# Tire Pressure



## Silvspec86 (Apr 4, 2003)

whats the optimum pressure for the Spec-V's stock Continenetals? the sticker on the side of the door jam says 33psi, which seems a little low, and the front tires look positively soft at 33psi. i tried higher pressures but that only resulted in scary ass hydroplanes in rain. any suggestions for the best combination of performance, ride quality and fuel efficiency?


----------



## chimmike (Oct 17, 2002)

I run 35 in mine all the time.....did you check the sidewall on the tires?

(I run 35 on all tires, all the time)


----------



## wwmjax (Mar 24, 2003)

35.... ask any professional tire comp... theyll tell ya 35


----------



## tekmode (Feb 22, 2003)

35


----------



## BlackoutSpecV (May 8, 2002)

define optimal... 
optimal wear... optimal traction... etc...

i run 30 in the front and 32 in the rear, this is for optimal wear.


----------



## Silvspec86 (Apr 4, 2003)

well, the side walls only say the max is 51 psi and i'm running 37 front and 35 rear...cuz the front heavy spec-v is killer on the front tires, the front still look a little flat tho at 37psi but i guess a little diff aint gonna matter for every day driving. optimal all round Blackout, comfort, ride, wear, traction, grip, fuel efficiency. as y'all probly know, tire pressure is an important part of suspension tuning, i just want to know what is the bes for the spec-v's stiff ass springs and slapped together suspension


----------



## wwmjax (Mar 24, 2003)

silvspec86..... do you live or work by kemah?


----------



## Kichigai (Jul 13, 2003)

i run 40 on the street for better gas mileage and 50/35 while autoX'ing


----------



## 7SPEED (Mar 24, 2003)

Damn 32 all around, anything above seems like to much impact harshness.

At the track 23 f 32 r


----------



## tekmode (Feb 22, 2003)

i know higher than 35 seems kinda bouncy, but ive found 35 to be fine

my track is 20 front and 35 rear


----------



## Lazarus_023 (Jun 3, 2003)

40 front, 36-38 rear... i like oversteer.


----------



## Silvspec86 (Apr 4, 2003)

mmmm...........careful lazarus, dont put too much air in, or else you'll be gliding across even the lightest rain...Conti's suck in anything but dry, warm conditions...damn perfect track tires


----------



## Zaren (Aug 17, 2003)

While we're on the subject of tires, my dealer mentioned I should get some 15" tires for winter.. I live in MN, so winters can be kinda nasty up here for driving, does anyone else live in a climate zone where winter driving is an issue?
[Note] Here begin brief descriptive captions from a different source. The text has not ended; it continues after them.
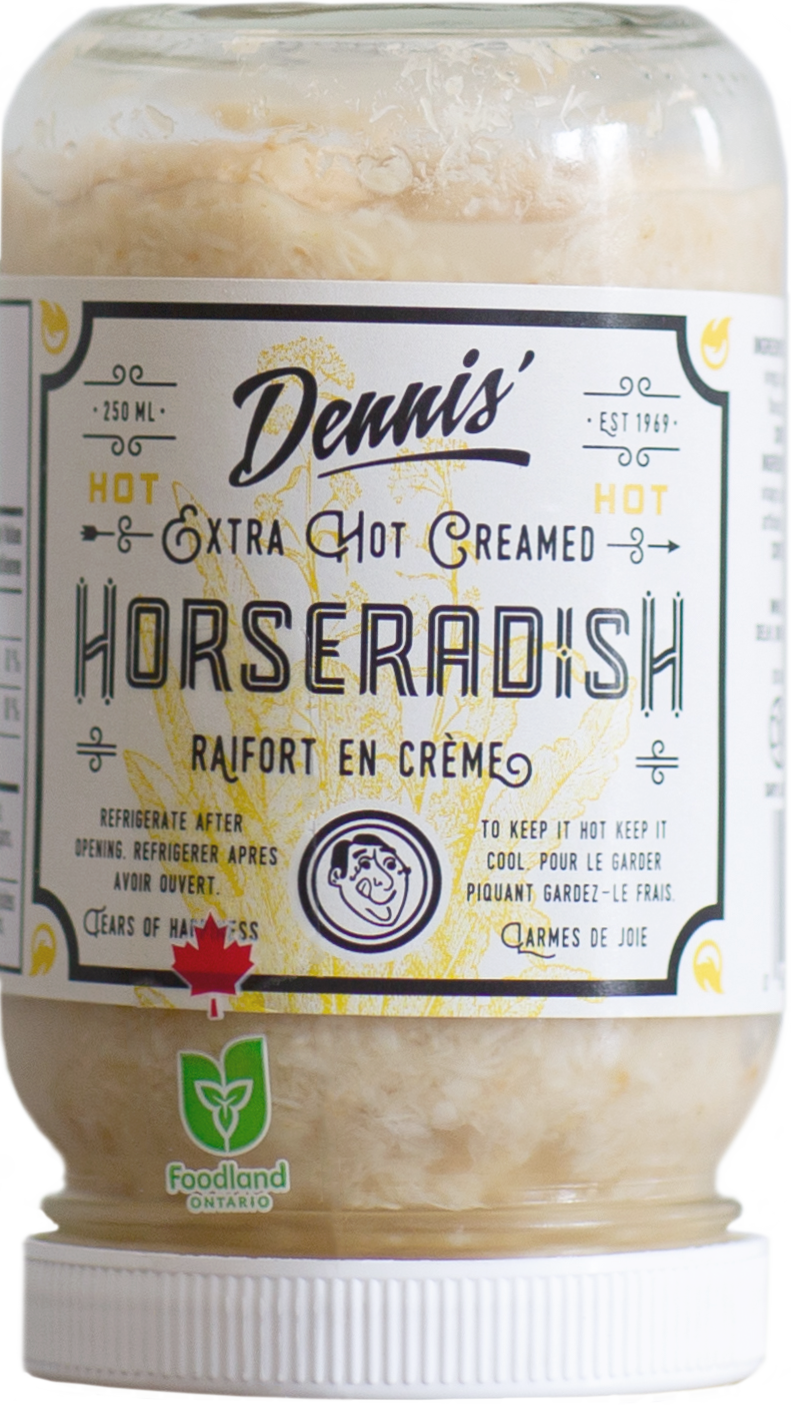 DENNIS REGULAR HORSERADISH [250 ml]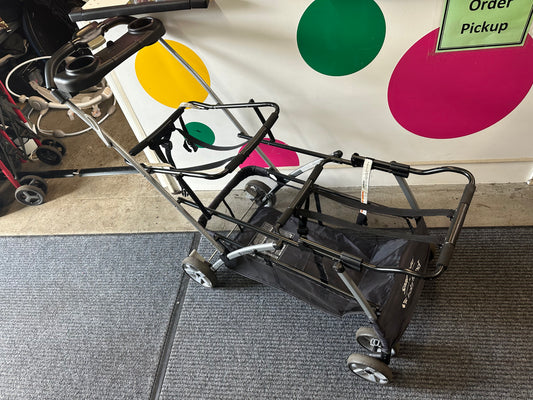 Baby Trend Snap n Go Double Stroller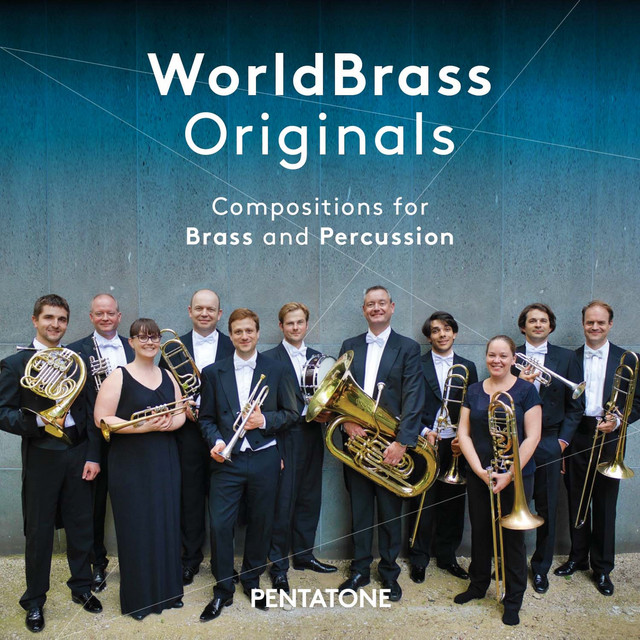 Compositions for Brass and Percussion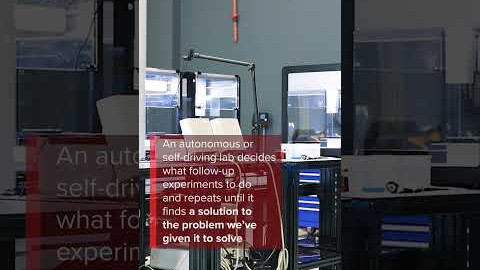 Autonomous Discovery at Argonne (clip)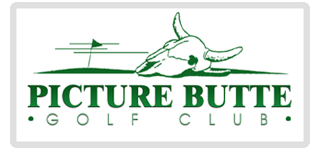 Picture Butte Golf Club logo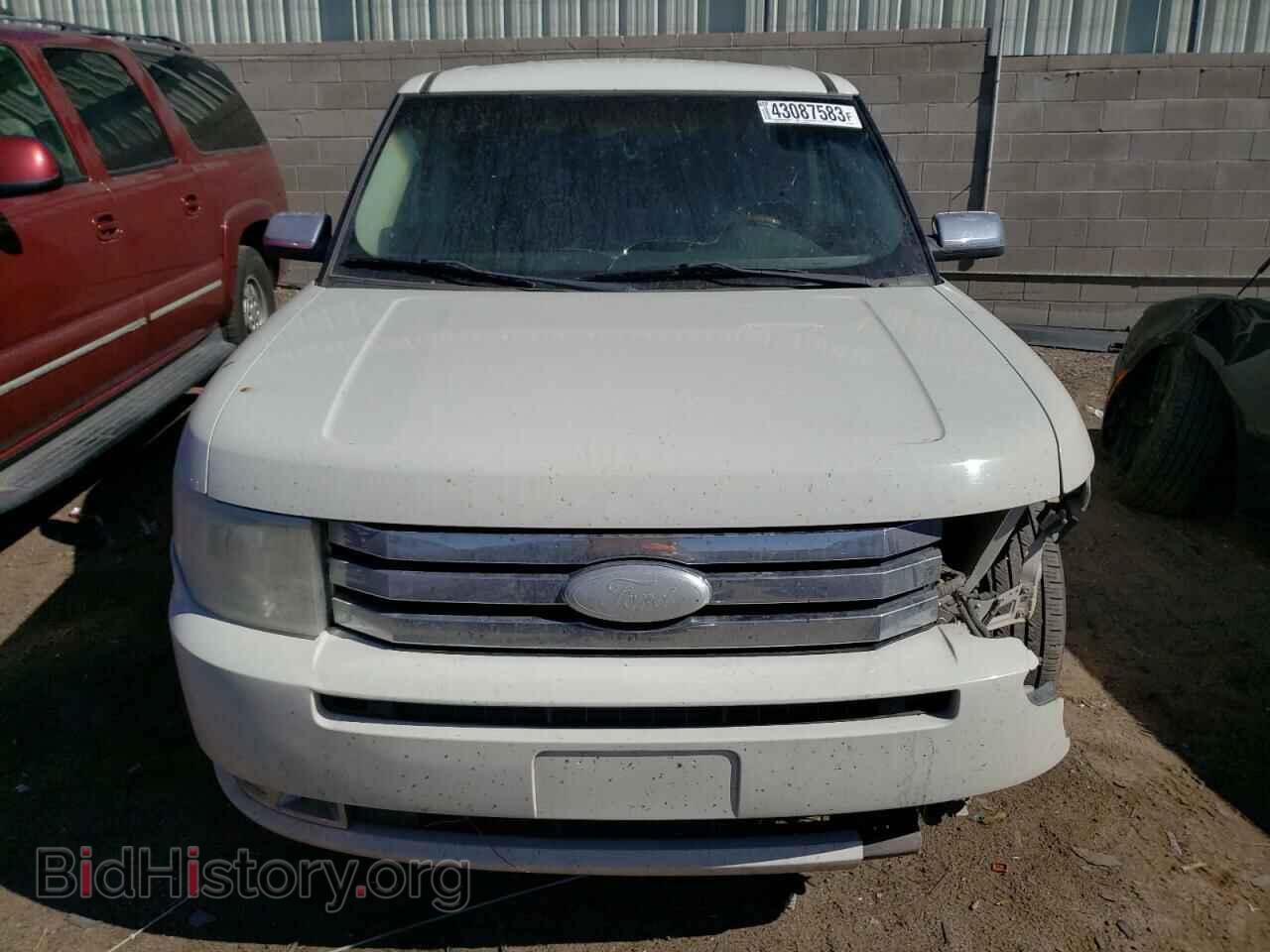 2012 FORD FLEX - VIN: 2FMGK5DC4CBD02058 - Photo 5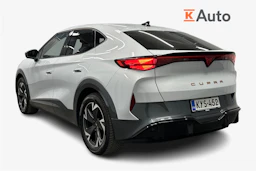 valkoinen CUPRA Tavascan 2025 kuva 3.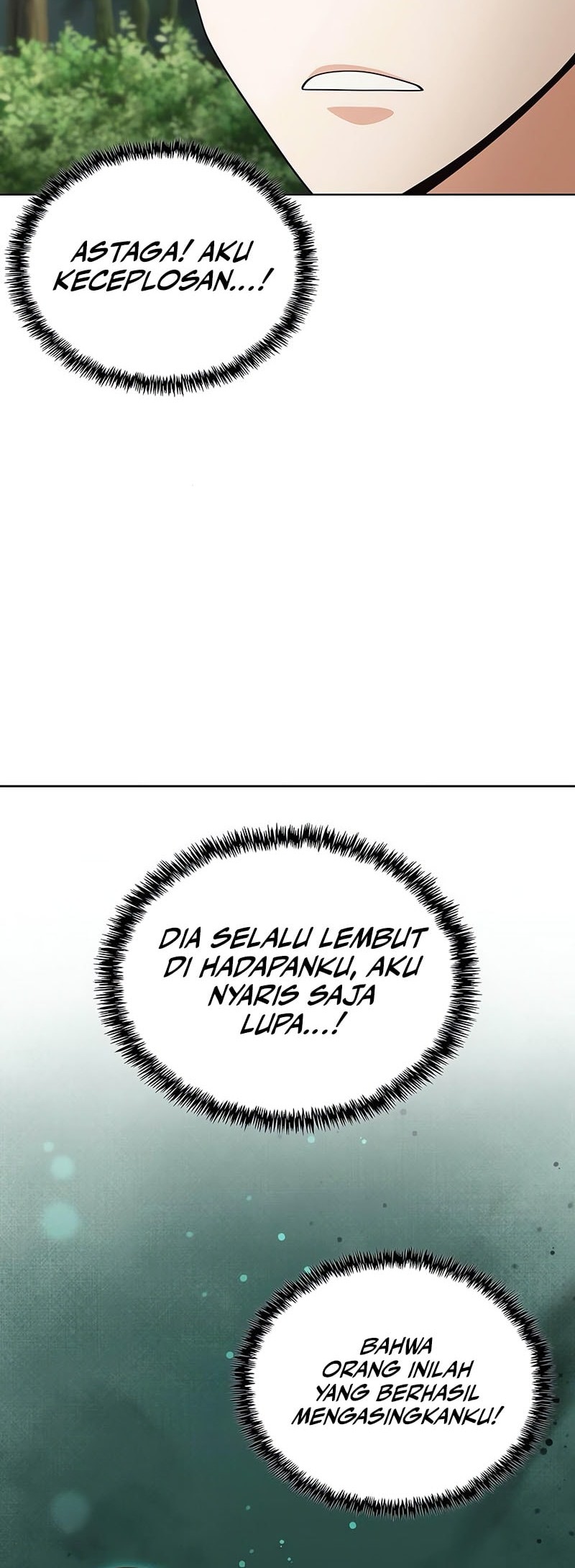 A Cadet Becomes A Prophet?! chapter 17 halaman 36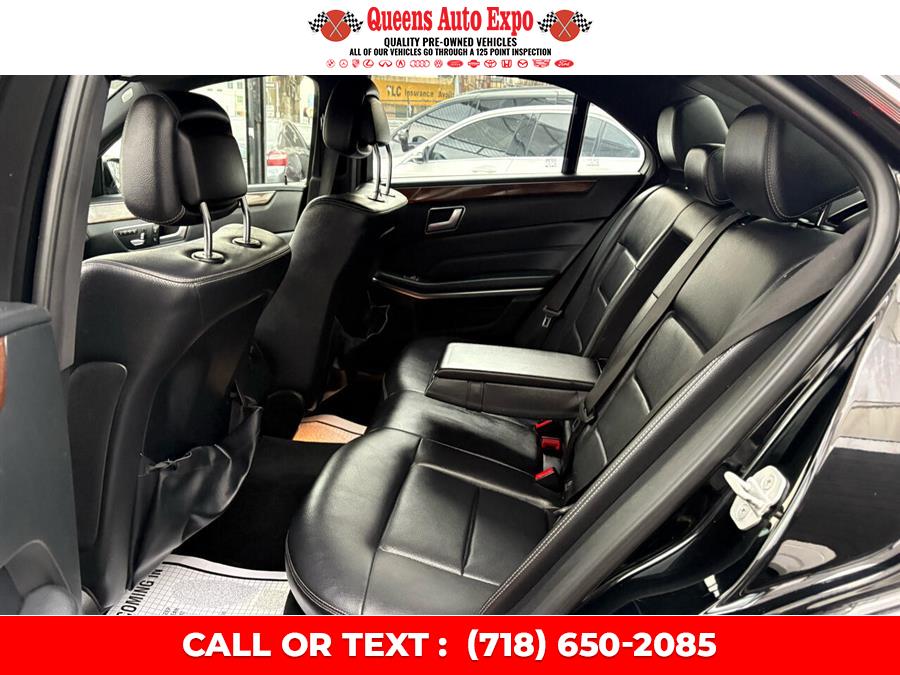 2014 Mercedes-Benz E-Class E350 4MATIC Sport photo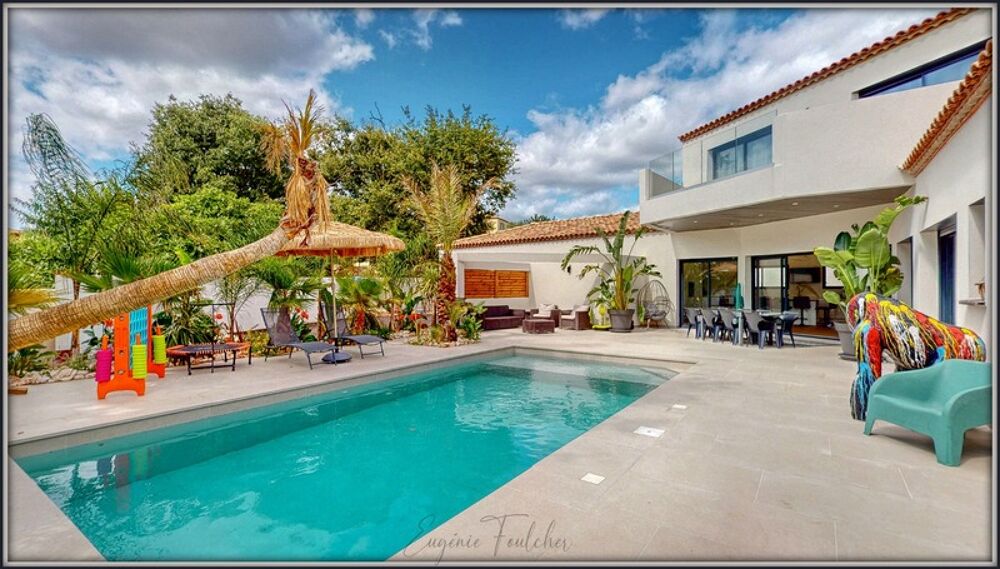 � vendre  Villa Magalas (34480)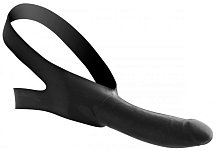 Кляп-страпон Face Fuk Strap On Mouth Gag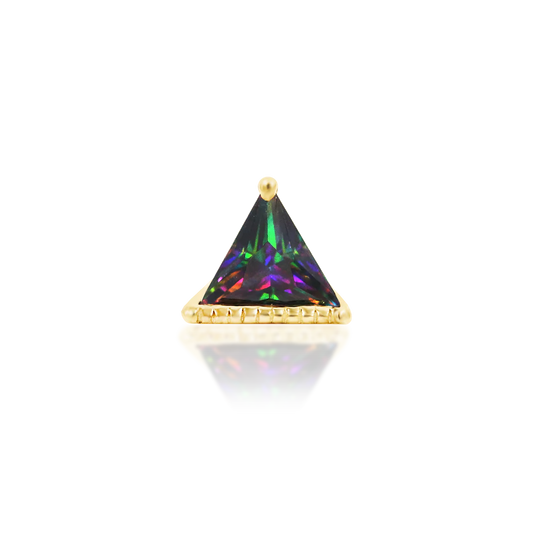 KING MYSTIC - THREADLESS END *PRE-ORDER* Junipurr Jewelry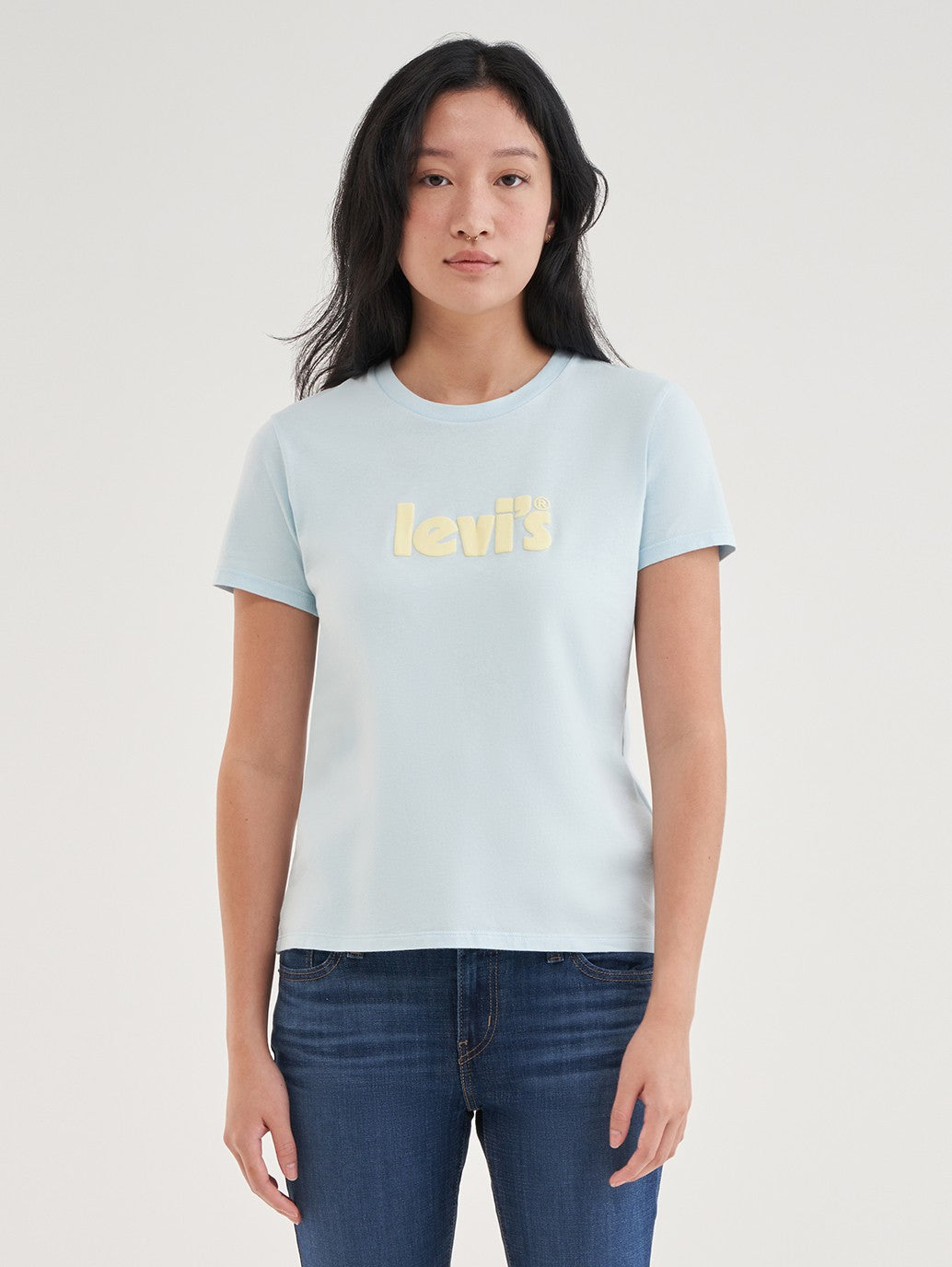 Levi's® 女款完美 T 卹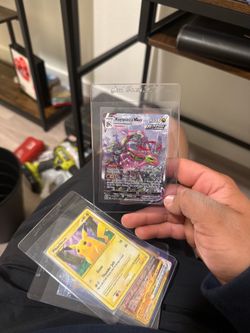 Rayquaza Vmax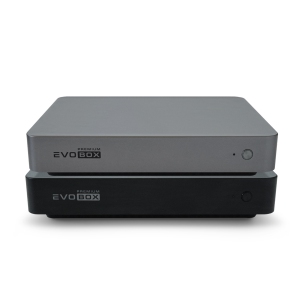 Hi-End караоке-система EVOBOX Premium + EvoSoundBar (саундбар с караоке) в Лабинске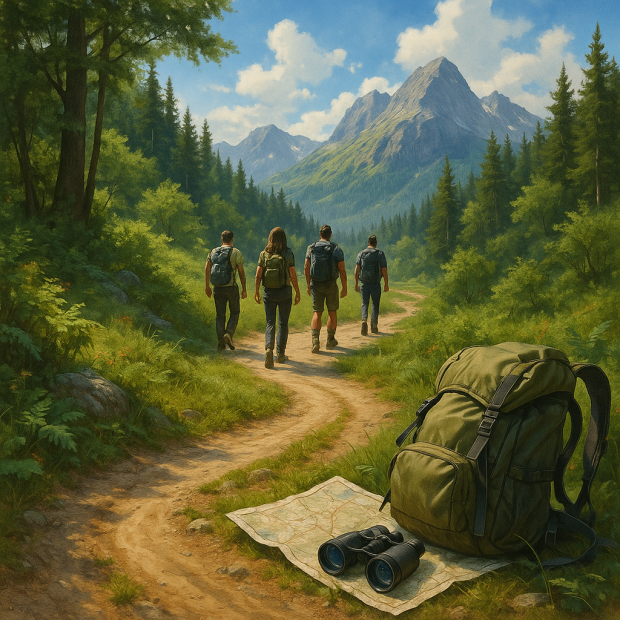 Chemin de vie 5 : tout ce que vous devez savoir sur ce parcours d'aventure et de liberté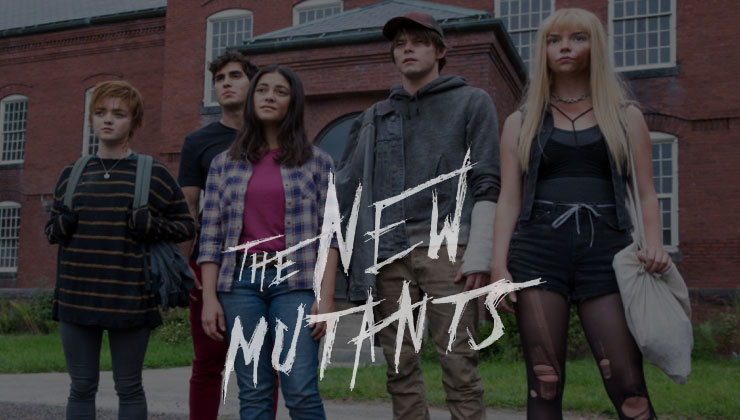 film the new mutants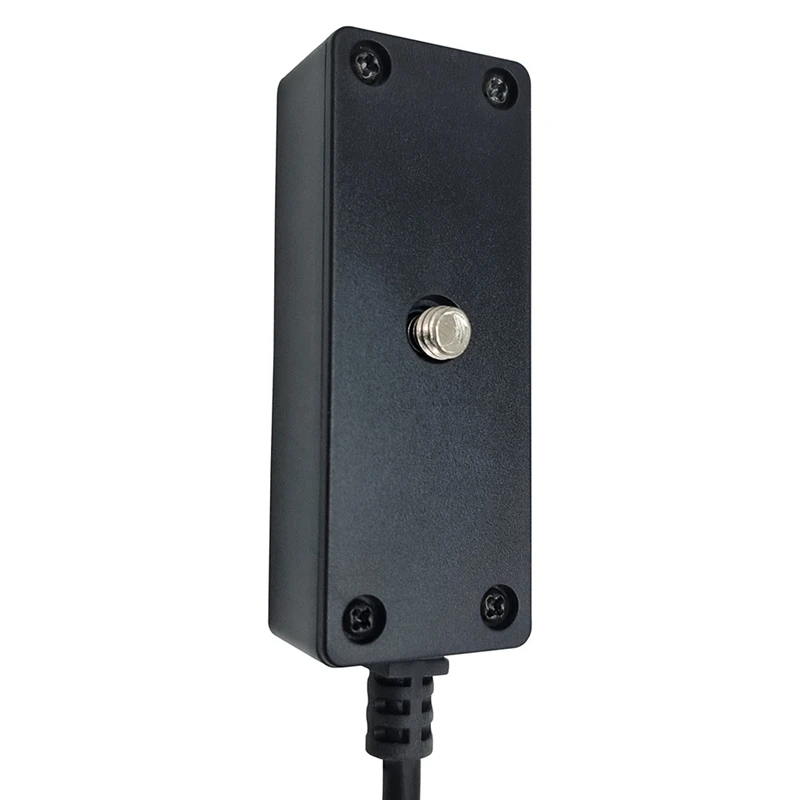 핫 D-탭 스플리터 케이블, D-TAP 4D-탭 카메라 전원 공급 장치 스플리터 케이블, V-마운트 배터리용, 1/4 나사 포함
If so, how do the stock tires work out for ya?


----------



## Silvspec86 (Apr 4, 2003)

oh dude....i feel sorry for you, i used to live in MD, where we get New England weather, and let me tell you if there is so much as a trickle of rain....or a trickle of any thing...give serious thoughts about staying home. dont even think about driving in sleet, snow or ice...its just a death wish. rain, if you be real careful and have recommended tire pressure and ABS...is not a real big problem, but the stock Conti's do hydoplane real easy, but with out ABS, its scary as hell. get 15" all season tires and some decent looking wheels for the winter and swap on the stock conti's when summer rolls around...thats what i'd do if i still lived up north.


----------



## Zaren (Aug 17, 2003)

K, sweet, cuz I don't have ABS. This should be a fun winter =)


----------